1926年(大正15年)日本の理科教育の実践を目指した、全国の理化学教員300余名による「全国中等学校理化学教員協議会」(会長、嘉納治五郎、講道館柔道創設者で有名)が、清水谷高等女学校(当時)において実施されました。この協議会が礎となり、理科教育振興法が制定され今日の学校における理科教育が実施・発展しているのです。

日本における理化学教育の必要性は、幕末から維新にかけて多くのリーダーたちの切望する事案でした。維新直後の明治2年に、オランダの教授を師として、大阪(大阪城すぐ西)に舎密局(せいみきょく、セイミ=chemical)なる理化学専門の学校を創立し、その普及発展が期待されましたが、当時の日本は国家樹立、対外戦争、政変など激動の時代が継続し、理化学教育の風は沈静化し遅々としてその進展が見られませんでした。半世紀後にようやく地域ごとの学校の先生方が相互に集まり、実験が必須である理化学教育のあり方等について模索が進められていました。それが全国的な潮流となり、文部省(当時)からの理科学教育の推進に関する諮問がなされ、1926年(大正15年)5月8~10日に全国から300余名もの先生方が大阪に参集し、文部省諮問への答申案の作成および理化学実験に係る研究発表が行われました。その場所こそが、他ならない清水谷高女だったのです。
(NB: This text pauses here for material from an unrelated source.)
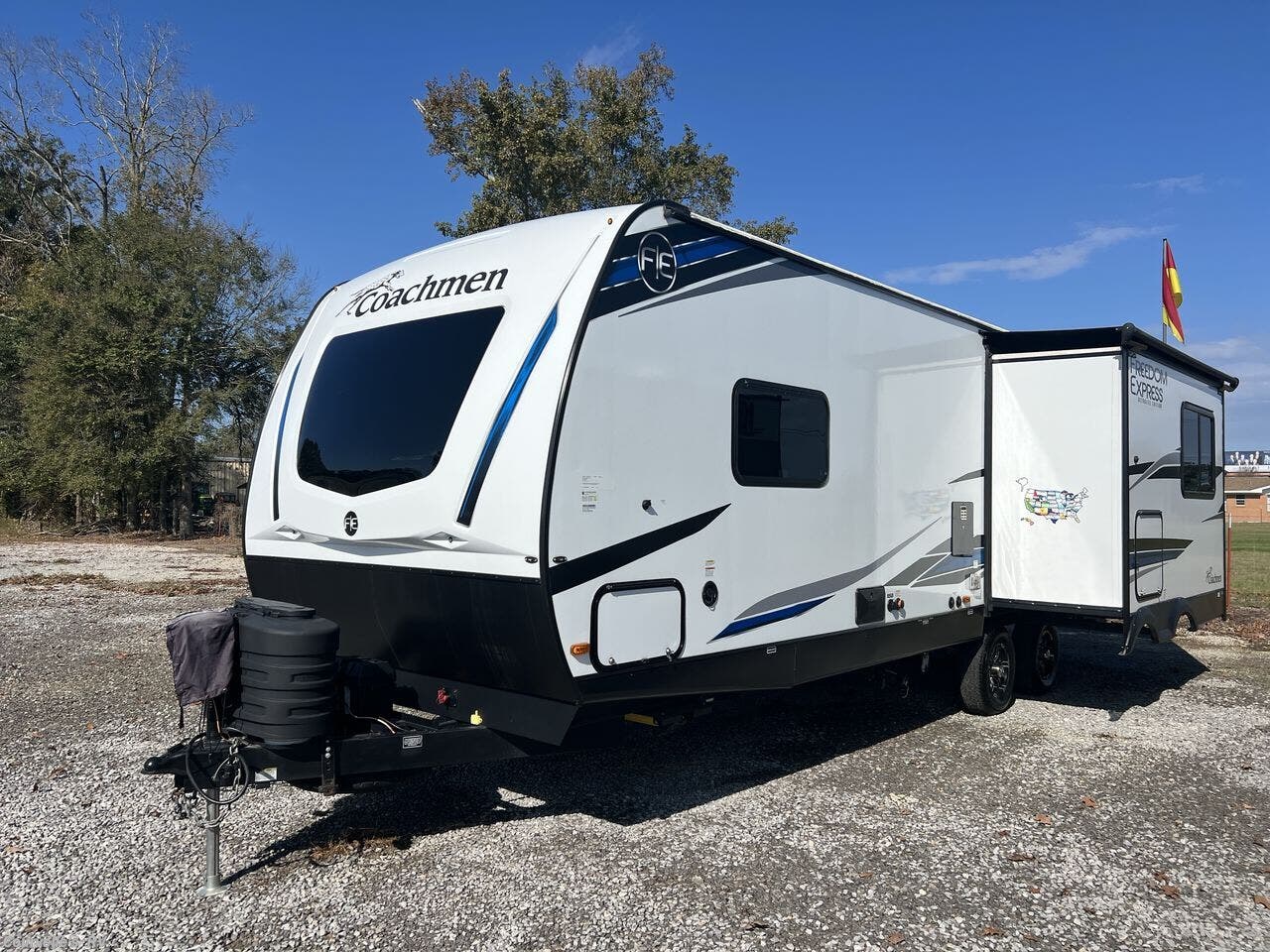 2024 Freedom Express Ultra Lite 274RKS by Coachmen from Courvelle's RV in Opelousas, Louisiana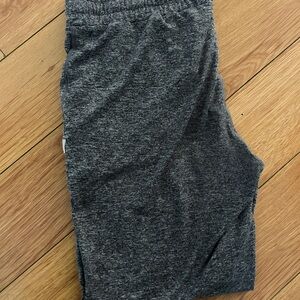 Heathered Gray Vuori Performance joggers size M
この協議会の会長、嘉納治五郎氏は教育者としても有名で、当時『大日本中等教育会』会長でもあり、かつて、1896年(明治29年)に、日本初の女子大学を「清水谷の地」にて創立すべき決議にも参画されていました。日本初の女子大学は結局、東京目白台に創立することとなり、設立用地であった「清水谷の地」にはわが母校が創立したのです。

この協議会に、清水谷高女は教員2名を参加させるとともに、授業と並行しながら講堂および教室を提供し、一団となって協力したのでした。そしてこの出来事は、今日の「日本理化学協会」(東京都豊島区)の創立総会として、以降毎年全国各地の学校において研究発表会が実施され、第9回研究発表会では再び母校で開催されています。

清水谷高女がスタートの場となったこの活動はその後も継続され、1953年(昭和28年)には理化学教育振興法として制定され、今日の学校教育における理科教育として定着しているのです。

2025年は、日本理化学協会創立100周年にあたり、同年5月11日に、日本科学未来館(東京都江東区)において、「日本理化学協会創立100周年記念式典」が挙行されました。その中で、わが母校「大阪府立清水谷高等学校」と「理科教育振興協会」の2団体に感謝状が授与されました。

感謝状は、校長室並びに済美館に掲額されています。